- **Collected data**:
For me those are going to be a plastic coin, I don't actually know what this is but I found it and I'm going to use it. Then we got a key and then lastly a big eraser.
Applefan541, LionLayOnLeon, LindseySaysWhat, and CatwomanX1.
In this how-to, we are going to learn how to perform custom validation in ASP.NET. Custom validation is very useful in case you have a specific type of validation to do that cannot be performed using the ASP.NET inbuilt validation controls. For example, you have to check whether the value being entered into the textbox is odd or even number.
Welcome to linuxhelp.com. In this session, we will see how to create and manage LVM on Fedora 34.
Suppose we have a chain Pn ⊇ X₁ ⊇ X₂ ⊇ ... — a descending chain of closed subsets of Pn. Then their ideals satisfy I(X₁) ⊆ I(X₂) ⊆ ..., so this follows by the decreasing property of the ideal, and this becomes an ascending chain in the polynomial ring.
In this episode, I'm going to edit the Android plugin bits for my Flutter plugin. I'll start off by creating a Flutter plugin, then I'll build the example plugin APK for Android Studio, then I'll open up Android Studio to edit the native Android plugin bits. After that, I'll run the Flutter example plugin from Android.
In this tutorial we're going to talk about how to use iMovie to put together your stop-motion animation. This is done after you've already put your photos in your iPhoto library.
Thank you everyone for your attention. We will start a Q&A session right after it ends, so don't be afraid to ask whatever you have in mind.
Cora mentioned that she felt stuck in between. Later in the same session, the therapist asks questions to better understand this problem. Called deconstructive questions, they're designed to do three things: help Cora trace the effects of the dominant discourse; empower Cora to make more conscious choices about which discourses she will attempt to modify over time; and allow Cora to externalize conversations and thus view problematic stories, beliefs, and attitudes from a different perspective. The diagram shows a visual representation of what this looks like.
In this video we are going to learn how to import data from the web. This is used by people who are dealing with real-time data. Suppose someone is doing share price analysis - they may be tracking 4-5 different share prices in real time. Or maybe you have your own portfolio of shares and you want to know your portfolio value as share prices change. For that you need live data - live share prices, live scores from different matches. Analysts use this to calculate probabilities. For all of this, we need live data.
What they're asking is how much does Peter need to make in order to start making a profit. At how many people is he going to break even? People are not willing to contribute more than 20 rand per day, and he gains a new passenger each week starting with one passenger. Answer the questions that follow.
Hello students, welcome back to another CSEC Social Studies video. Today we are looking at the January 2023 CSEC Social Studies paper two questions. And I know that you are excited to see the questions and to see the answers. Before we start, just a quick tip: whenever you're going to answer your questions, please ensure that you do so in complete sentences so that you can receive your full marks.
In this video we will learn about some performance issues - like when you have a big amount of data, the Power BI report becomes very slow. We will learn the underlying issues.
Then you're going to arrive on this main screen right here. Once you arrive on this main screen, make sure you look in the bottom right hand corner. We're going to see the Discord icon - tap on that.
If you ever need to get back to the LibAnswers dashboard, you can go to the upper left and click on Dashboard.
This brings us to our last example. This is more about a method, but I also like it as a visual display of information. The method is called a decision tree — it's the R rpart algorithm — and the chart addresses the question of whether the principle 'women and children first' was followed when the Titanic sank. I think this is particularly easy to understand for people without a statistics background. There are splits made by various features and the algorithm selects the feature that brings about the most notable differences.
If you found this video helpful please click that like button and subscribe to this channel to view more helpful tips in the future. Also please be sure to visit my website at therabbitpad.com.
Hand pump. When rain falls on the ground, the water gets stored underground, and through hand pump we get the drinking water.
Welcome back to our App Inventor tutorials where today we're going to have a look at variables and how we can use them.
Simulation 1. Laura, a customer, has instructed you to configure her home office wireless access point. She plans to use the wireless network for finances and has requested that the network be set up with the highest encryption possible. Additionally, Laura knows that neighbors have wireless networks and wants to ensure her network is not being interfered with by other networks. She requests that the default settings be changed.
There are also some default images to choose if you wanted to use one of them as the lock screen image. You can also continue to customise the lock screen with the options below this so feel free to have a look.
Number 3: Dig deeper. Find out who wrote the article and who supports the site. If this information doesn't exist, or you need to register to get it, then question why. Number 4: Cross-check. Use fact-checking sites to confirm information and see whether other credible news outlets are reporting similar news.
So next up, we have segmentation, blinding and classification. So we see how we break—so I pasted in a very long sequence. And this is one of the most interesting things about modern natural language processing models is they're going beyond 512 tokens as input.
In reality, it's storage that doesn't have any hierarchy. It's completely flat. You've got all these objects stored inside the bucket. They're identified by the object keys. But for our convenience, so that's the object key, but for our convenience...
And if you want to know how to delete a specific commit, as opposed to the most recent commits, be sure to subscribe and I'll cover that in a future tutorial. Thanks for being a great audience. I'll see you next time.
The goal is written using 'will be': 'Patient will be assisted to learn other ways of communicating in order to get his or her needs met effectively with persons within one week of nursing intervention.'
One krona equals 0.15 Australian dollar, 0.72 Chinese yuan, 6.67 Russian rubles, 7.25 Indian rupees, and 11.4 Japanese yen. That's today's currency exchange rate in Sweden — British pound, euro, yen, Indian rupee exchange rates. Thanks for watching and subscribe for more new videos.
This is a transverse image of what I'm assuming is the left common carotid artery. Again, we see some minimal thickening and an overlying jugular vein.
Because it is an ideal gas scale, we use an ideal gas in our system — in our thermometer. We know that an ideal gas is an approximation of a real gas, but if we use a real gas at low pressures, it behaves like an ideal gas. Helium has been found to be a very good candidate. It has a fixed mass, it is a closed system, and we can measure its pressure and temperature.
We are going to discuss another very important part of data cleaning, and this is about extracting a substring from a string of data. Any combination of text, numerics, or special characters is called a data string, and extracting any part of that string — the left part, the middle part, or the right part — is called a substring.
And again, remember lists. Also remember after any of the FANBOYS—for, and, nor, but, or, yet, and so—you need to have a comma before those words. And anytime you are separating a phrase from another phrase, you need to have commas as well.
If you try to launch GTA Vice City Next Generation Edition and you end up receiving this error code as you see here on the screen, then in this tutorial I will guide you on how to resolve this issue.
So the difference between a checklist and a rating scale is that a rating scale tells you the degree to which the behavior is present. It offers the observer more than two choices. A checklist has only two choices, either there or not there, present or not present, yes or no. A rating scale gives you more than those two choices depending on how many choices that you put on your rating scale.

- **What the exercise asks**: Would you copy out exactly the lines above that start at the one containing "Suppose we have" and end at the one containing "Thank you everyone", inclusive?

- **Result**:
Suppose we have a chain Pn ⊇ X₁ ⊇ X₂ ⊇ ... — a descending chain of closed subsets of Pn. Then their ideals satisfy I(X₁) ⊆ I(X₂) ⊆ ..., so this follows by the decreasing property of the ideal, and this becomes an ascending chain in the polynomial ring.
In this episode, I'm going to edit the Android plugin bits for my Flutter plugin. I'll start off by creating a Flutter plugin, then I'll build the example plugin APK for Android Studio, then I'll open up Android Studio to edit the native Android plugin bits. After that, I'll run the Flutter example plugin from Android.
In this tutorial we're going to talk about how to use iMovie to put together your stop-motion animation. This is done after you've already put your photos in your iPhoto library.
Thank you everyone for your attention. We will start a Q&A session right after it ends, so don't be afraid to ask whatever you have in mind.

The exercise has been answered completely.